The MELANY study which followed 37,000 youngsters for 17 years, from the year before conscription into the Israel Defense Forces (IDF), was recently published in The New England Journal of Medicine.  Results show a substantial risk of obesity-related disorders (including heart disease) in young adulthood among those with a somewhat elevated, but within the normal range, body mass index (BMI) at age seventeen.  Researchers found that baseline BMI at adolescence can help predict the early occurrence of heart disease and type 2 diabetes in young adulthood.  The study showed that BMI in adolescence is a risk factor for cardio-metabolic disease, even if the teenager is not in the obese range at the time.  The study also found that increased BMI over time corresponded to an increased risk for type 2 diabetes and heart disease. 

Long-term, large-scale studies such as this offer the opportunity to identify patterns and change over periods of time, identify risk factors, and other information which can be used in the future to improve disease prevention and detection.

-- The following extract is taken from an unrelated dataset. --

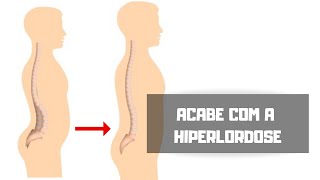 HIPERLORDOSE  COMO CORRIGIR ACABE COM A DOR NAS COSTAS [upl. by Aiksas845]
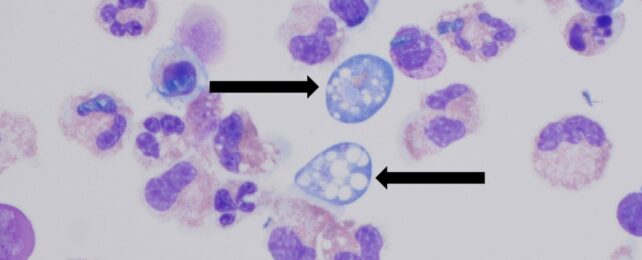 Microscope image of ameoeba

Related Cardio-Metabolic Health Research

Medical research is a long and arduous process which may or may not culminate in the performance of an RCT. In fact, the bulk of medical research takes place behind the scenes and in the lab, long before the involvement of human subjects in an RCT.  The RCTs conducted by researchers at the S. Daniel Abraham International Center for Health and Nutrition have been enriched and made possible by the groundwork laid by fellow researchers.  For example, it was such complementary research that advanced sophisticated imaging techniques, enabling our RCT team to study adipose tissue associated with different organs in the body.  Preliminary research also pointed to abdominal adipose tissue as a harbinger of the detrimental health effects of obesity and led to the identification of specific biomarkers associated with cardio-metabolic disease. 

Members of the S. Daniel Abraham International Center for Health and Nutrition have also played a role in the research underpinning the large scale RCTs conducted by the Center.  This research is fundamental in its own right, serving as the basis for prestigious international collaboration and contributing to the development of applications as well.